An article in the latest issue of the Alaska Department of Labor and Workforce Development’s magazine outlines the data behind shrinking teacher wages in Alaska.
Dunleavy administration staff in October stopped the publication of the article, which was slated to be that month’s cover story. It was published in this month’s issue, but not as a cover article and with a different headline, after reporting from multiple news outlets and op-ed pieces from current and former Labor Department leaders who expressed their discontent with what they said was censorship and suppression of state data.
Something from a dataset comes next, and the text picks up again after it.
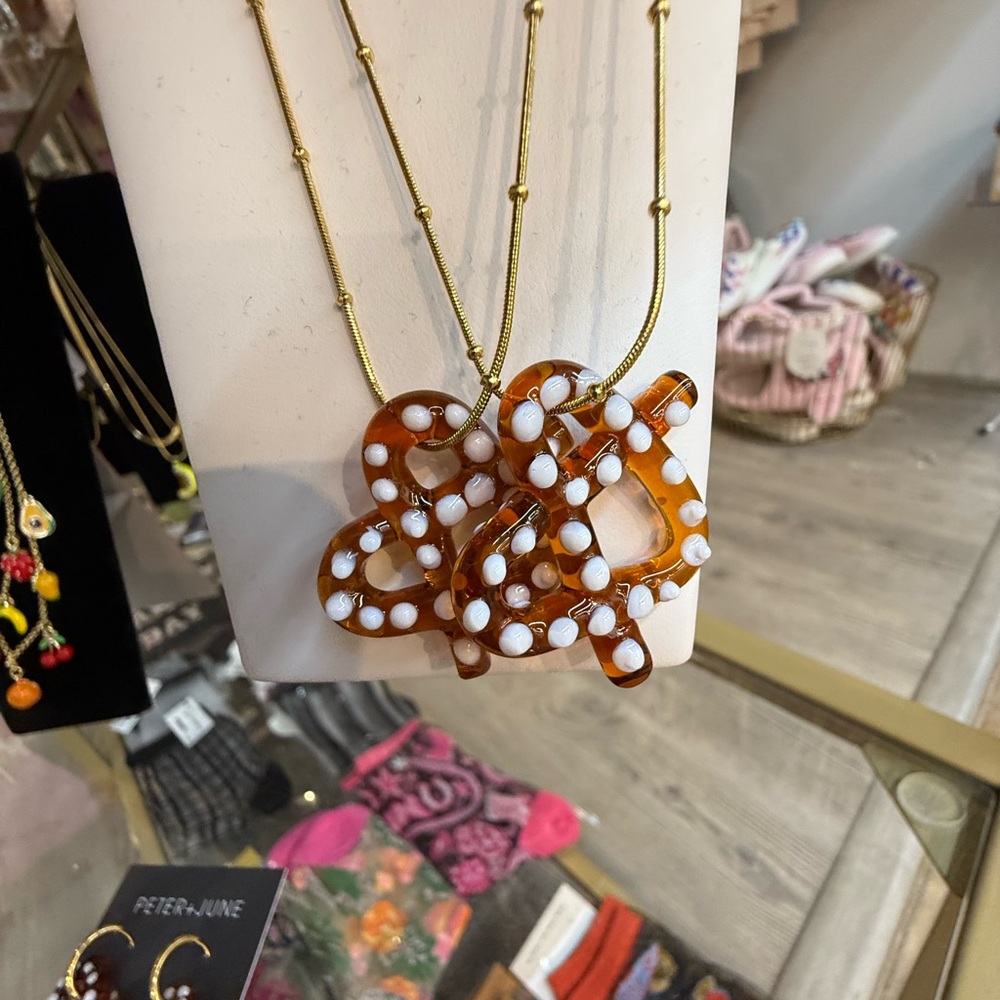 Gold and Brown Heart Necklace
The new framing of the article is gentler: The headline went from “Teachers’ shrinking wage advantage” to “How teachers’ wages compare,” but little in the article itself changed at all.
The numbers bear out what teachers and education advocates have said for years: Alaska’s teacher wages have dropped and it is the only state in the country without a defined pension for teachers.
Between the 1980s and the 1990s, Alaska lost much of its competitive pay advantage, or pay premium, which has hovered closer to the average national pay since. New teachers now make less over the course of their careers — educators who started careers in fiscal year 2012 earned roughly $2,000 per year less than those who did 10 years before — and the state is losing teachers faster than it can hire them.
The report comes as Alaska school districts report problems hiring teachers. Earlier this year, Dunleavy vetoed half of a $175 million one-time boost to education funding that was approved by the Legislature.